* [Instructions to follow]: The answer is the complete listing below, written out again exactly.

* [Recorded data]:

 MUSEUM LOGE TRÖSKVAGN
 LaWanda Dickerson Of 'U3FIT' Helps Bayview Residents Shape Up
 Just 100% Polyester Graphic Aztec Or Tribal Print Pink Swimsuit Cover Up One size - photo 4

* [Expected answer]:
 MUSEUM LOGE TRÖSKVAGN
 LaWanda Dickerson Of 'U3FIT' Helps Bayview Residents Shape Up
 Just 100% Polyester Graphic Aztec Or Tribal Print Pink Swimsuit Cover Up One size - photo 4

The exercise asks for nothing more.